Several other notations were introduced to construct universal cycles for permutations. Jackson proved that universal cycles for k-permutations of \(\langle n\rangle \) exist when \(k < n\), where a k-permutation is an ordered arrangement of k distinct symbols in \(\langle n\rangle \) [4]. Knuth extended Jackson’s result by introducing shorthand notation to encode permutations [6]. The shorthand notation of a permutation \(a_1 a_2 \cdots a_n\) is \(a_1 a_2 \cdots a_{n-1}\). A shorthand universal cycle for permutations of order n is a cyclic sequence of length n! that contains each of the unique permutations of \(\langle n\rangle \) in shorthand notation as a substring exactly once. For example, the cyclic sequence

$$\begin{aligned} 123413243214213423143124 \end{aligned}$$

is a shorthand universal cycle for permutations of order 4; the 24 unique permutations when considered cyclicly are:

$$\begin{aligned}&123\underline{4}, 234\underline{1}, 341\underline{2}, 413\underline{2}, 132\underline{4}, 324\underline{1}, 243\underline{1}, 432\underline{1}, \\&321\underline{4}, 214\underline{3}, 142\underline{3}, 421\underline{3}, 213\underline{4}, 134\underline{2}, 342\underline{1}, 423\underline{1}, \\&231\underline{4}, 314\underline{2}, 143\underline{2}, 431\underline{2}, 312\underline{4}, 124\underline{3}, 241\underline{3}, 412\underline{3}. \end{aligned}$$

The last symbol of each permutation in the listing is determined by a length 3 substring of the shorthand universal cycle. Holroyd, Ruskey and Williams provided efficient constructions to generate shorthand universal cycles for permutations in O(1)-amortized time per symbol and O(1)-amortized time per n symbols respectively using O(n) space [2, 3, 7]. Permutations have also been encoded using relative order [1]. For example, 321341 is an order-isomorphic universal cycle for permutations of order 3 since its substrings are order-isomorphic to 321, 213, 123, 231, 312, 132. Johnson verified a conjecture in [1] to show that order-isomorphic universal cycles for permutations exist using only \(n+1\) symbols [5]. However, there is currently no known efficient construction to generate order-isomorphic universal cycles for permutations for all order n.

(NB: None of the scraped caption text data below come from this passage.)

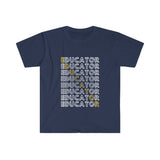 Educator T-Shirt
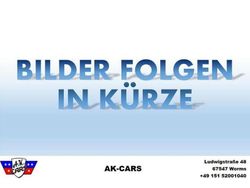 Rot Gebraucht 2012 Hyundai i10 Classic Kleinwagen | 3.500 € (Fairer Preis)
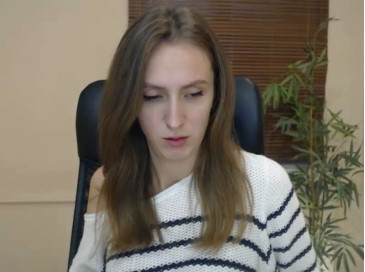 Sofia_Rae  15-11-2020 blowing Female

In this paper, a novel notation, the relaxed shorthand notation, is introduced to represent permutations. We then present a shift-based construction for producing a universal cycle for permutations in relaxed shorthand notation. The construction is based on the following function over permutations, where k is the largest possible position such that \(a_k > a_{k+1}\):

$$\begin{aligned}&{f}(a_1a_2\cdots a_n) = \left\{ \begin{array}{ll} a_2 a_1 a_3 a_4 \cdots a_n &{} \quad \text{ if } \; a_2 = 1 \quad \text{ and } \quad a_3 a_4 \cdots a_n \\ &{} \quad \text{ is } \text{ strictly } \text{ increasing; } \\ a_2 a_3 \cdots a_k a_1 a_{k+1} a_{k+2}\cdots a_{n} &{} \quad \text{ if } \; a_2 = 1 \quad \text{ and } \quad a_1 > a_{k+1}; \\ a_2 a_3 \cdots a_{k-1} a_1 a_k a_{k+1} \cdots a_{n} &{} \quad \text{ if } \; a_2 = 1 \quad \text{ and } \quad a_1 < a_{k+1}; \\ a_2 a_3 \cdots a_{n} {a_1} &{} \quad \text{ otherwise, } \end{array} \right. \end{aligned}$$

As an illustration, successive applications of this rule for \(n = 4\) starting with the permutation 1234 produce the following listing:

$$\begin{aligned} \begin{aligned} 1234, 2341, 3412, 41{2}3, 1423, 4231, 2314, 3142, \\ 1432, 4321, 3214, 21{4}3, 1243, 2431, 4312, 31{2}4, \\ 1324, 3241, 2413, 4132, 1342, 3421, 4213, 21{3}4. \end{aligned} \end{aligned}$$
(1)

Observe that each permutation of length 4 is visited exactly once and that by applying one more application of the rule, we return to the first string 1234. This property holds in general for all \(n \ge 1\). This leads to the following theorem, where \({\varPi }({n})\) denotes the set of permutations of \(\langle n\rangle \).

Theorem 1

The shift rule f induces a cyclic ordering on \({\varPi }({n})\).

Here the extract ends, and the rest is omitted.